As we have explained before, property matters fall under the State. When the Federal Government sets the minimum price at which a foreigner can buy property in Malaysia, it was up to each State if they want to adopt this policy. In January last year, the Government announced that foreigners could only buy properties priced above RM500,000. This was to reduce inflationary pressures on lower priced housing, which were typically purchased by middle and lower income Malaysians.

Initially several States decided not to follow this guideline, preferring to hold the price at RM250,000 which was the previous minimum price. However, slowly the States have fallen in to line and now Selangor which was the last State to permit foreigners to buy property above RM250,000 has raised their minimum to RM500,000. Thanks to the expat reader who brought this to our attention. There is no central source for this information, so we usually have to call every State land office to get the latest policy.

Pahang was the only State to set a higher minimum at RM750,000, but they have also fallen in line and adopted the RM500,000 minimum.

The one remaining exception is Penang, but only for people holding the Malaysia My Second Home visa. They allow MM2H visa holders to buy property above RM250,000 and even lower on occasion. This is just as well because many of the smaller apartments suitable for retired couples are priced below RM500,000 and some MM2Hers with smaller budgets had problems, before this exception was made.

Residence Pass Launched

The Residence Pass announced last year has been launched on schedule, effective April 1st. Allowing the visa holders to live and work in Malaysia for ten years it is linked to the individual and not the employer.
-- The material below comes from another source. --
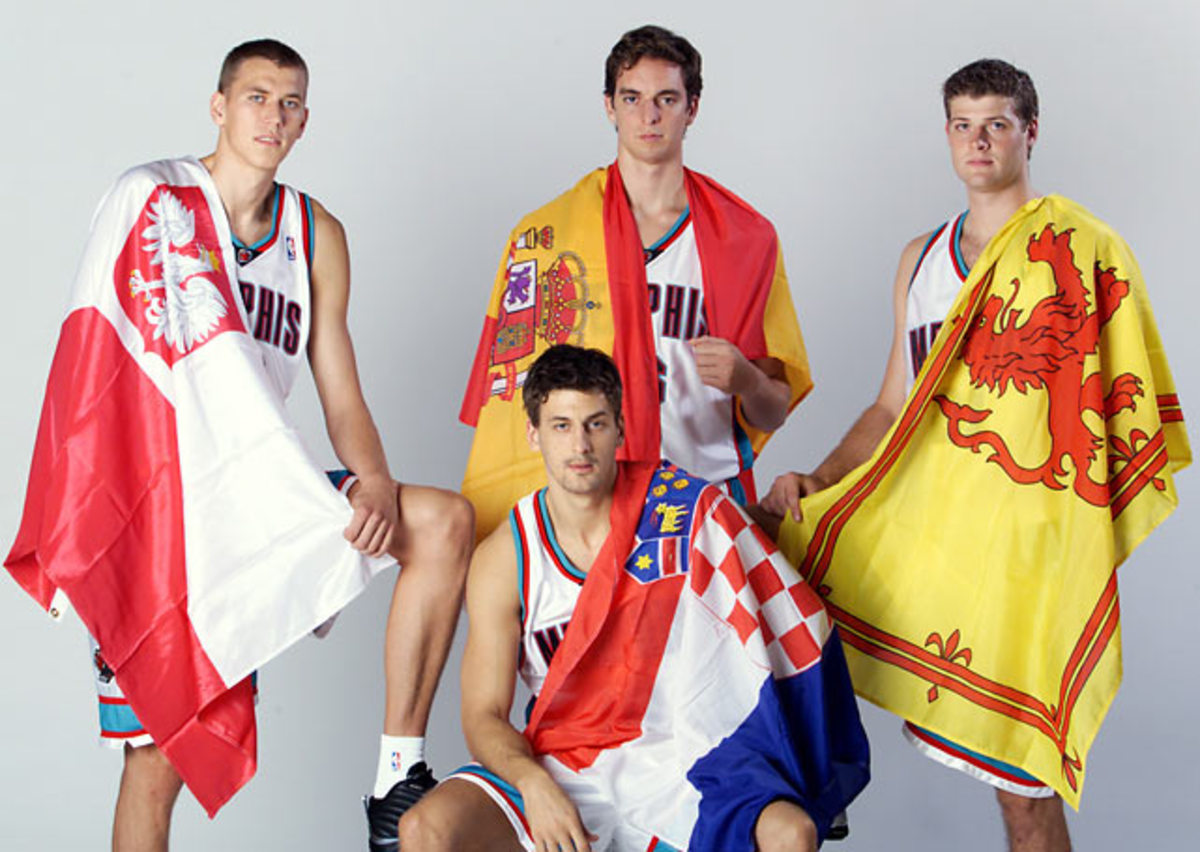 Cezary Trybanski, Pau Gasol, Gordan Giricek and Robert Archibald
This allows the visa holder to change jobs without worrying about getting agreement from their current employer and wondering if their new employer will be able to secure them a work permit.
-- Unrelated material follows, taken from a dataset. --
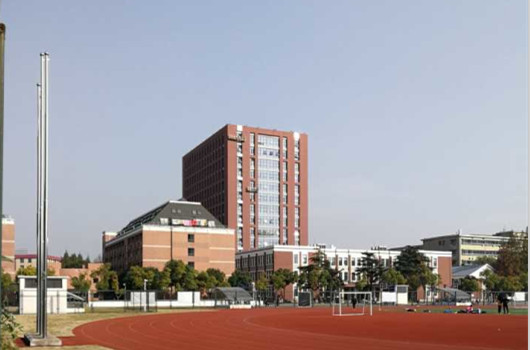 1533264108192982.jpg 校园1.jpg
Initially, the visa is only available to people living here with work permits.

Prime  Minister  Reports  Positive Results For Several National Key Results Areas Initiatives

The Government Transformation Programme (GTP) has two broad elements. The National Key Results Areas (NKRA) which focuses on specific areas of society such as crime, corruption, low income households; and the Economic Transformation Programme (ETP) which focuses on programmes which can directly lead to faster economic growth.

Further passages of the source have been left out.